Вопреки всему (сборник) - Поволяев Валерий Дмитриевич. Страница 25

Командир батальона Трофименко рявкнул так, что смолкли не только крики солдат, встретивших партизан, — мигом стихла даже пушечная стрельба, раздающаяся где-то за горизонтом.

— Что вы делаете, мать вашу?! Патронов не хватает, а вы… вы — трассерами! В первом же бою патроны кончатся, чем отбиваться будете? Обслюнявленными табачными чинариками? Комками земли из-под сапог? Тьфу!

Комбат был прав.

Вдруг Куликов заметил знакомое лицо, точнее — знакомую бороду серого цвета, окладистую, росшую от самых глаз, прячущую в буйных дебрях уши, и дай волю этому беспорядочно растущему волосу, он проглотил бы и нос… Что-то кольнуло Куликова внутри, он помотал головой, стараясь освободиться от внезапно возникшего, очень жесткого, давящего обжима горло.

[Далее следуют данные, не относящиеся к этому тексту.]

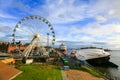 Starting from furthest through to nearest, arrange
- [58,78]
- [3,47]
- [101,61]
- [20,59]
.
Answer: [3,47], [101,61], [20,59], [58,78]

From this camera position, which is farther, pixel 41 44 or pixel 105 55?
pixel 105 55

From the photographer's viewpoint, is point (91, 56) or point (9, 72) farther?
point (91, 56)

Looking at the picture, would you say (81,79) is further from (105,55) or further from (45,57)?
(105,55)

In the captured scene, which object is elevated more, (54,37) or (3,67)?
(54,37)

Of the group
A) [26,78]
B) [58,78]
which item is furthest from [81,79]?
[26,78]

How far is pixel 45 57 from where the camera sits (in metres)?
67.9

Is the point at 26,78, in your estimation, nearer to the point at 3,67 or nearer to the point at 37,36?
the point at 3,67

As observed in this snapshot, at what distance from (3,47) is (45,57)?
4618 cm

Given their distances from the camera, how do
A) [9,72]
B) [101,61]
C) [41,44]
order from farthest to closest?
[101,61] → [41,44] → [9,72]

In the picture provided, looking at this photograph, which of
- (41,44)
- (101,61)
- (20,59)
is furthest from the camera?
(101,61)

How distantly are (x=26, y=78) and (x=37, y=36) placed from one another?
3160 centimetres

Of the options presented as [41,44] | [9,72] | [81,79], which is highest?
[41,44]

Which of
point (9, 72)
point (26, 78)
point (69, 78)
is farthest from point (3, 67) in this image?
point (69, 78)

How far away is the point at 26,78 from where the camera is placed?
110 feet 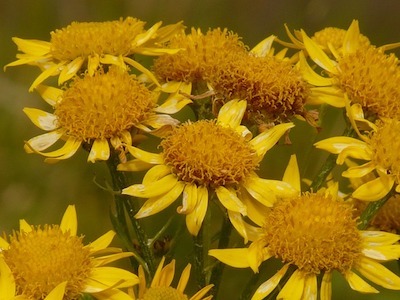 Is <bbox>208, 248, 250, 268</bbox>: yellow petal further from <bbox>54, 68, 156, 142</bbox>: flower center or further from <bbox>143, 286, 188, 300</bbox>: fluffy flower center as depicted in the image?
<bbox>54, 68, 156, 142</bbox>: flower center

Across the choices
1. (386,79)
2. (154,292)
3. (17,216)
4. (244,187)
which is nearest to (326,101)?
(386,79)

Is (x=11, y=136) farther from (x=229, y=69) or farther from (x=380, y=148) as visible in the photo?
(x=380, y=148)

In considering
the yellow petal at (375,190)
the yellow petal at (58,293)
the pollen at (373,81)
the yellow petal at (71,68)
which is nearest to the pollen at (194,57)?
the yellow petal at (71,68)

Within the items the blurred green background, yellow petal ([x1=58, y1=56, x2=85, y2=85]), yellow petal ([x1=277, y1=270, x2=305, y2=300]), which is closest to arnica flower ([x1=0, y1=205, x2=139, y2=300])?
yellow petal ([x1=277, y1=270, x2=305, y2=300])

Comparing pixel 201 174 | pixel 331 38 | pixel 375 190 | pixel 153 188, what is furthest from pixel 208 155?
pixel 331 38

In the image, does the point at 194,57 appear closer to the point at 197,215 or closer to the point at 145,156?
the point at 145,156

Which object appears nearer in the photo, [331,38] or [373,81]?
[373,81]

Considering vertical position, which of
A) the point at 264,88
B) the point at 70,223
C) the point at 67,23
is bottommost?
the point at 70,223

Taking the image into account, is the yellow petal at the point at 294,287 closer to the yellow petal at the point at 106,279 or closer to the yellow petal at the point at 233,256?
the yellow petal at the point at 233,256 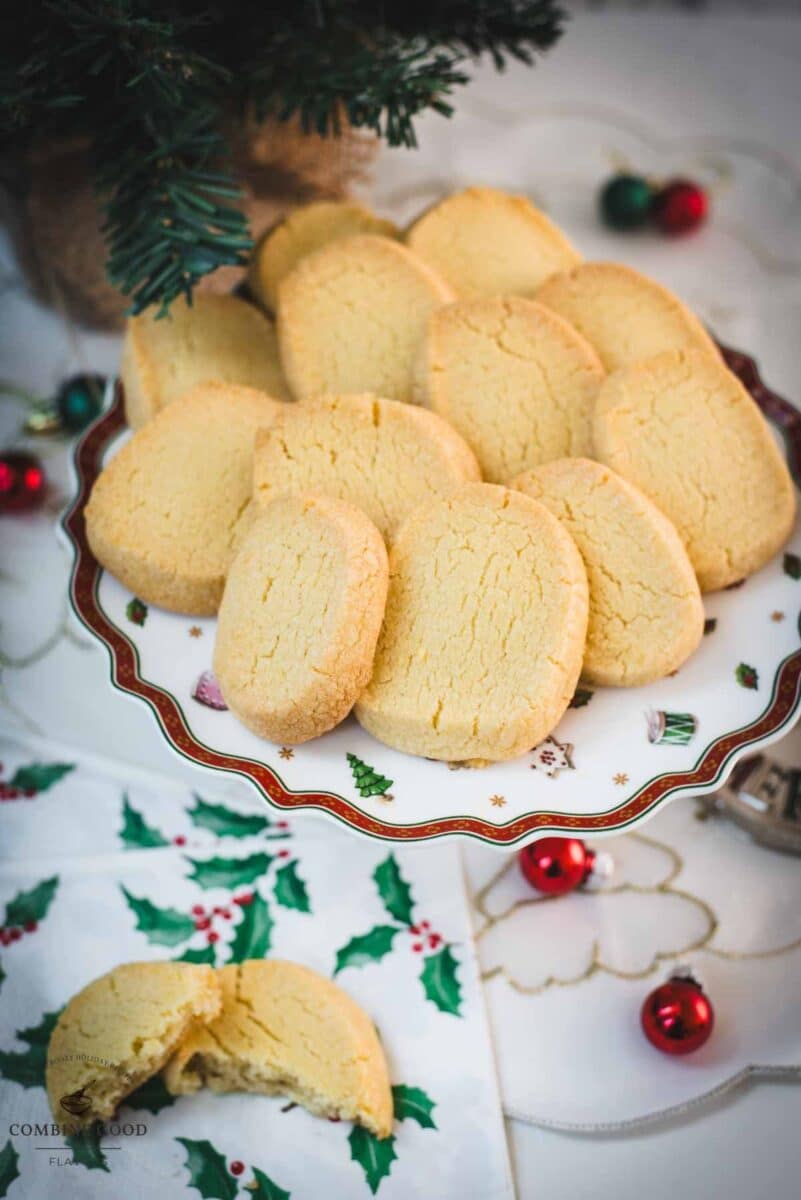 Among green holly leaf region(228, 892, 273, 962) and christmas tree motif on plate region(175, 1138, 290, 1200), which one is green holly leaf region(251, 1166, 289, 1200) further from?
green holly leaf region(228, 892, 273, 962)

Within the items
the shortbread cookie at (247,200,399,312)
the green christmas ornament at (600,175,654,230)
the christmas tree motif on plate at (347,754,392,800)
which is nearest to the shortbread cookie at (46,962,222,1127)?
the christmas tree motif on plate at (347,754,392,800)

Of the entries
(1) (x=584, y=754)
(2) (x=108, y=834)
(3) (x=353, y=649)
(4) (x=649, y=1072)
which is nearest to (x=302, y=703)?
(3) (x=353, y=649)

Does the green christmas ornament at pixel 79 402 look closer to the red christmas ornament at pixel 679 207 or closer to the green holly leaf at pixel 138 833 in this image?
the green holly leaf at pixel 138 833

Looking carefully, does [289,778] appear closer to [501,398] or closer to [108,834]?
[108,834]

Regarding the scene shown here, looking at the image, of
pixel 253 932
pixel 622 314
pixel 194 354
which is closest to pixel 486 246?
pixel 622 314

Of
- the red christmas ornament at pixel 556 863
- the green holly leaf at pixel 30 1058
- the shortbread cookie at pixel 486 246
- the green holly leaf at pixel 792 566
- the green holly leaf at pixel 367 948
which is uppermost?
the shortbread cookie at pixel 486 246

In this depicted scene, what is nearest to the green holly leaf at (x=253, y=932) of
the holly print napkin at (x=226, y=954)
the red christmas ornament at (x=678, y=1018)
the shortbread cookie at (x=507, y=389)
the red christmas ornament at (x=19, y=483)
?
the holly print napkin at (x=226, y=954) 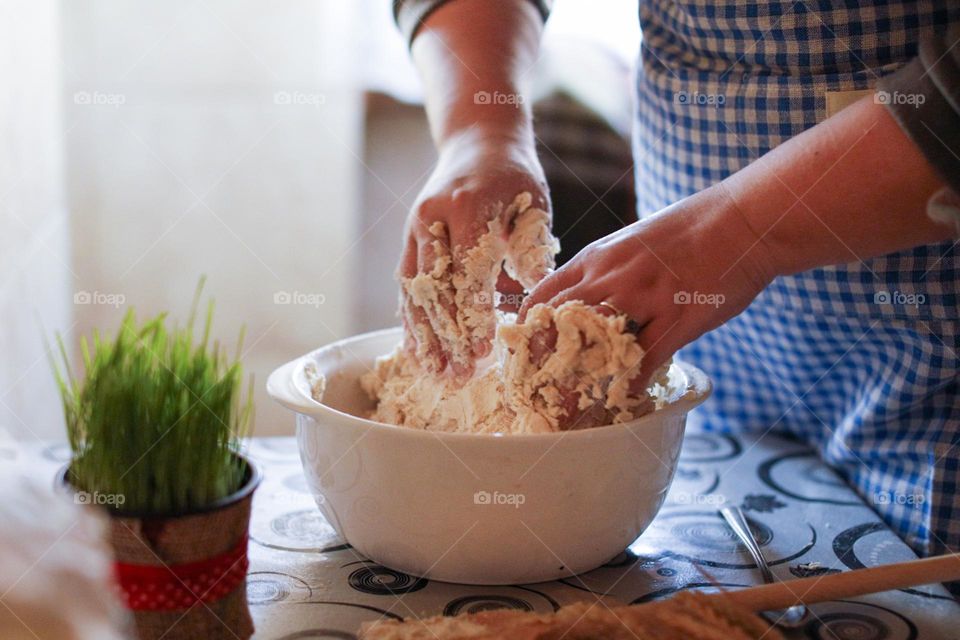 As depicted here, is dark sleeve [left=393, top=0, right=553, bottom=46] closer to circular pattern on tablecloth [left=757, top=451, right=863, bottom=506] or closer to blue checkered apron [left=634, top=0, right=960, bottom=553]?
blue checkered apron [left=634, top=0, right=960, bottom=553]

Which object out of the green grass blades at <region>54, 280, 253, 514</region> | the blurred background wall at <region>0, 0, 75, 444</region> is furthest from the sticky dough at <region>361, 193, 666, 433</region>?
the blurred background wall at <region>0, 0, 75, 444</region>

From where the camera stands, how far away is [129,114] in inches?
79.9

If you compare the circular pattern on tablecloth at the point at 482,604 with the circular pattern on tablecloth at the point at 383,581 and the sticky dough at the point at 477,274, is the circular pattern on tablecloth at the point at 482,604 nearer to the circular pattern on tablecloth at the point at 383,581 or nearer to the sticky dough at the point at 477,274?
the circular pattern on tablecloth at the point at 383,581

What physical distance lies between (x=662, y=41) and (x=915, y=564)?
0.54 m

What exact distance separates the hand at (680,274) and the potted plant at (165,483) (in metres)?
0.26

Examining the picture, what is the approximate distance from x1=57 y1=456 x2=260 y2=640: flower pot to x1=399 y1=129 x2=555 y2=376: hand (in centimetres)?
27

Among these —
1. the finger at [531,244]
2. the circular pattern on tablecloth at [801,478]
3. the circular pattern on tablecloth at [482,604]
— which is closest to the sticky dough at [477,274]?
the finger at [531,244]

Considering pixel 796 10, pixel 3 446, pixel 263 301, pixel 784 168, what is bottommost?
pixel 263 301

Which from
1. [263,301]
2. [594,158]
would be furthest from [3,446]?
[263,301]

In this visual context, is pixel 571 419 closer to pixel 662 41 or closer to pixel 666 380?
pixel 666 380

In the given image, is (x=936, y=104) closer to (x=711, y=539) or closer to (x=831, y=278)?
(x=831, y=278)

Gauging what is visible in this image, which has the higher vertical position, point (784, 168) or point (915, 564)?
point (784, 168)

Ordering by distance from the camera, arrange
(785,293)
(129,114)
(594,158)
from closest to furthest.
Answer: (785,293), (594,158), (129,114)

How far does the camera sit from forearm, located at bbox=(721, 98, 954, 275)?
1.94ft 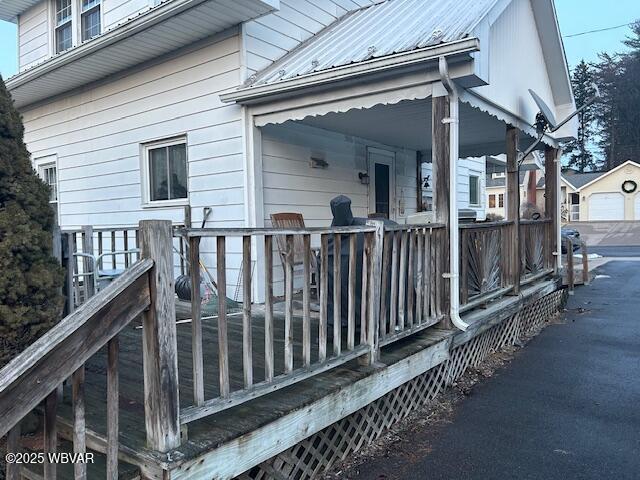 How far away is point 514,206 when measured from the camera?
231 inches

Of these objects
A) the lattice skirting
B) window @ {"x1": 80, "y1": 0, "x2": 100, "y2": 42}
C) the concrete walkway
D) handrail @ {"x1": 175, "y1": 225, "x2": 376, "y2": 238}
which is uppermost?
window @ {"x1": 80, "y1": 0, "x2": 100, "y2": 42}

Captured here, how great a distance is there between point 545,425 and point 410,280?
1.43 m

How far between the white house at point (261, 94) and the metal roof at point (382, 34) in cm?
4

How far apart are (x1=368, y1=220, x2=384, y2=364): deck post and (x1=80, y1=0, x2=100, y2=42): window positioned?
21.1 ft

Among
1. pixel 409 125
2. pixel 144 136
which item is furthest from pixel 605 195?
pixel 144 136

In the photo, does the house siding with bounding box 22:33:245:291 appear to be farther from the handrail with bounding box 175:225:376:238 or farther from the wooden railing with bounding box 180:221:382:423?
the handrail with bounding box 175:225:376:238

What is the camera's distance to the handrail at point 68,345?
1605 mm

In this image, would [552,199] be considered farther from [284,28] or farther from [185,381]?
[185,381]

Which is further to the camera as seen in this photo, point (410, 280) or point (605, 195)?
point (605, 195)

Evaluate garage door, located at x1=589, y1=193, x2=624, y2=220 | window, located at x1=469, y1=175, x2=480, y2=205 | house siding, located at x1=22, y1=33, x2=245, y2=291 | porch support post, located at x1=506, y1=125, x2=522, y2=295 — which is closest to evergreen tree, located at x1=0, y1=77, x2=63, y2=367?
house siding, located at x1=22, y1=33, x2=245, y2=291

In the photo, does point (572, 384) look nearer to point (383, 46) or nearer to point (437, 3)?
point (383, 46)

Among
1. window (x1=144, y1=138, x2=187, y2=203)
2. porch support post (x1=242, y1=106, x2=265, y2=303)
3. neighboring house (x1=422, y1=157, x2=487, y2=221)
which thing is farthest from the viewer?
neighboring house (x1=422, y1=157, x2=487, y2=221)

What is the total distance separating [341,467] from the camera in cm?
308

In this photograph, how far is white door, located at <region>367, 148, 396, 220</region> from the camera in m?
8.05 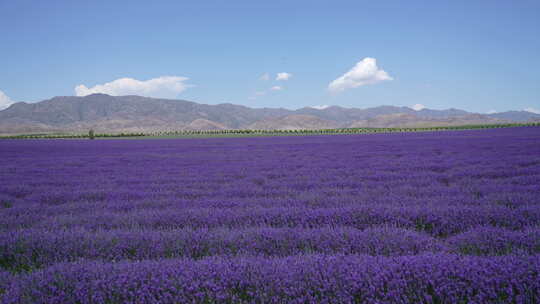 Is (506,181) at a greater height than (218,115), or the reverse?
(218,115)

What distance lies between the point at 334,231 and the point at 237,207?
193cm

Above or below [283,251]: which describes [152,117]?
above

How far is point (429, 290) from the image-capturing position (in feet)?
6.58

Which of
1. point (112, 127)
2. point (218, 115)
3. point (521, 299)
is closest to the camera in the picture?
point (521, 299)

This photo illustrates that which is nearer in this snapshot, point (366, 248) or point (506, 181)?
point (366, 248)

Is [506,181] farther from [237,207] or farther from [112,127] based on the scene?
[112,127]

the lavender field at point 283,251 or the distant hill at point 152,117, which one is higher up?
the distant hill at point 152,117

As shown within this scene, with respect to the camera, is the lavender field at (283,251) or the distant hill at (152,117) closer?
the lavender field at (283,251)

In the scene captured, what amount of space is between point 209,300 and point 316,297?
2.31 feet

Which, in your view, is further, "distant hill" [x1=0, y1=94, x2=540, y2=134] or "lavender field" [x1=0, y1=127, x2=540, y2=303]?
"distant hill" [x1=0, y1=94, x2=540, y2=134]

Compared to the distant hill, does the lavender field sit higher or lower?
lower

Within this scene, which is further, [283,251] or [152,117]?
[152,117]

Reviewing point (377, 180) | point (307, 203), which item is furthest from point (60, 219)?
point (377, 180)

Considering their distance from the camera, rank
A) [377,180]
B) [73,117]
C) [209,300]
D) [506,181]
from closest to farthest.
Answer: [209,300] < [506,181] < [377,180] < [73,117] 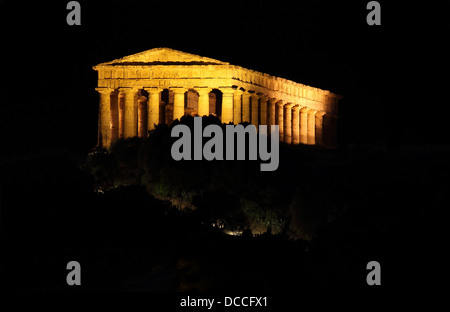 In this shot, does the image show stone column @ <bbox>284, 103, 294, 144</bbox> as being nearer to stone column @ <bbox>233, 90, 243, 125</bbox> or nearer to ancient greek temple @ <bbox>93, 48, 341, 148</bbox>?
ancient greek temple @ <bbox>93, 48, 341, 148</bbox>

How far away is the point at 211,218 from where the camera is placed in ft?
179

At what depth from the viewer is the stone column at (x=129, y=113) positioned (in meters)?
71.4

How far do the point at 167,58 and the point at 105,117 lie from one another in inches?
219

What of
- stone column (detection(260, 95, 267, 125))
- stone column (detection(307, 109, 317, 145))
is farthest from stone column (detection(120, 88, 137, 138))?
stone column (detection(307, 109, 317, 145))

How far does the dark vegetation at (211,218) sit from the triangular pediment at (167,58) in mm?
7306

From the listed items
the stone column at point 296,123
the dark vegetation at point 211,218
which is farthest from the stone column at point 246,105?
the stone column at point 296,123

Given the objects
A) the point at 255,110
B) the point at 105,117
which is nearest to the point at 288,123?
the point at 255,110

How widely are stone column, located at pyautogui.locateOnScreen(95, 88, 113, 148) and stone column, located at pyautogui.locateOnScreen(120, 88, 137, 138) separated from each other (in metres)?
1.01

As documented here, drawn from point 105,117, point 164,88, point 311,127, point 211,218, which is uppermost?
point 164,88

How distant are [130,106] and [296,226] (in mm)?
20325

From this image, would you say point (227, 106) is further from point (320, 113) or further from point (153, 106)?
point (320, 113)

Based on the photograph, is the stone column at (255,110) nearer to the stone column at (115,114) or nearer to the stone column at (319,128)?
the stone column at (115,114) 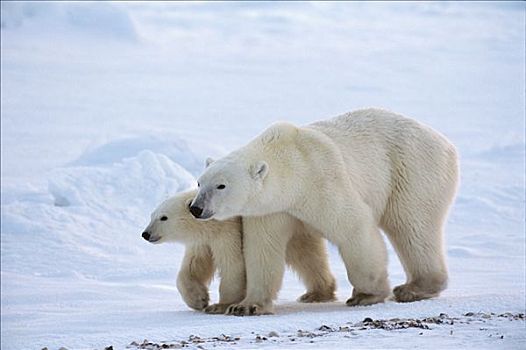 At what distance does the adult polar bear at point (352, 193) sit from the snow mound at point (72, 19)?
17330mm

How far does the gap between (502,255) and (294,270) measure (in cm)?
395

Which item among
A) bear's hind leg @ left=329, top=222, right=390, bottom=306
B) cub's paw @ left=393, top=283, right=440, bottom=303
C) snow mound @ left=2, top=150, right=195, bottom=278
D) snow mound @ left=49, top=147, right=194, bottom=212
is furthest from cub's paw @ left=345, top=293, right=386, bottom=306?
snow mound @ left=49, top=147, right=194, bottom=212

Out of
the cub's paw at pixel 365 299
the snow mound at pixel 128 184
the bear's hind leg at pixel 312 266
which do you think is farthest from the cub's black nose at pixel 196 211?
the snow mound at pixel 128 184

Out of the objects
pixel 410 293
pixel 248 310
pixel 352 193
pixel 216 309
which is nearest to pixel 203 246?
pixel 216 309

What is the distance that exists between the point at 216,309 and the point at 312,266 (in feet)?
2.70

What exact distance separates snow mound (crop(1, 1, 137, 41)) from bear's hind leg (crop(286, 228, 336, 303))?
17076 millimetres

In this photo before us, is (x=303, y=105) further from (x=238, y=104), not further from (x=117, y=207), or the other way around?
(x=117, y=207)

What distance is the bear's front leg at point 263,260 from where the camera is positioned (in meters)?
6.49

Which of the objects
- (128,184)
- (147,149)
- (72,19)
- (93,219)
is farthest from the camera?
(72,19)

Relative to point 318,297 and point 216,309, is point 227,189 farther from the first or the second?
point 318,297

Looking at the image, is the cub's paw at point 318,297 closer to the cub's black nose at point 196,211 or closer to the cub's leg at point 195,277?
the cub's leg at point 195,277

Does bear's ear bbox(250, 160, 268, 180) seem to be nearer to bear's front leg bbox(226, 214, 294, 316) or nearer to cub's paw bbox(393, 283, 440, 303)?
bear's front leg bbox(226, 214, 294, 316)

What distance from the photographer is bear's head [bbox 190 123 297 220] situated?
244 inches

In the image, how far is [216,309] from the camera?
6.73 m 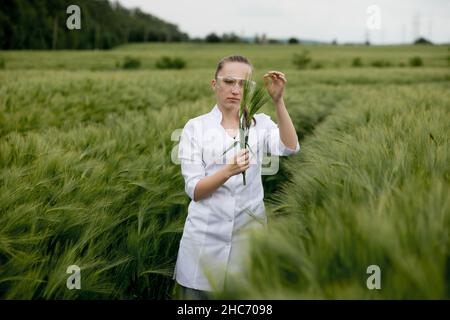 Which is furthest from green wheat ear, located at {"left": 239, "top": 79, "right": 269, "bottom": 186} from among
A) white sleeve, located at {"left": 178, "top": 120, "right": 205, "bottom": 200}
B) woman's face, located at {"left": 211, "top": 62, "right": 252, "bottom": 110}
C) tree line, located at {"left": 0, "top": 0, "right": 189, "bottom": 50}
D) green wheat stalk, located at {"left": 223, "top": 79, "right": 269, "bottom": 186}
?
tree line, located at {"left": 0, "top": 0, "right": 189, "bottom": 50}

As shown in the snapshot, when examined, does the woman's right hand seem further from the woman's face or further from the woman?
the woman's face

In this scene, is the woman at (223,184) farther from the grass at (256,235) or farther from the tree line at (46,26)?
the tree line at (46,26)

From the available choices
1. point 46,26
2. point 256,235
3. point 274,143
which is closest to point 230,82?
point 274,143

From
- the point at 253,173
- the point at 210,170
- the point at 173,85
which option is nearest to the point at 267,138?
the point at 253,173

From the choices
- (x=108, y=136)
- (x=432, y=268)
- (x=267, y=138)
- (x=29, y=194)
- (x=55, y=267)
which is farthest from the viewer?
(x=108, y=136)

Неужели среди партизан он видит дядю Бородая, мастеровитого районного коваля? Он это или не он?

— Дядя Бородай! — неожиданно для себя зычно прокричал Куликов, в ответ на зов тот обеспокоенно завертел головой. — Дядя! — пулеметчик вскинул над собой руку, помахал.

Приподнявшись на носках сапог, дядя Бородай похлопал глазами и очень быстро узнал парня, которому отковал в своей кузне толковый нож, заулыбался. В раздвиге густого волоса чистой белью блеснули крепкие зубы.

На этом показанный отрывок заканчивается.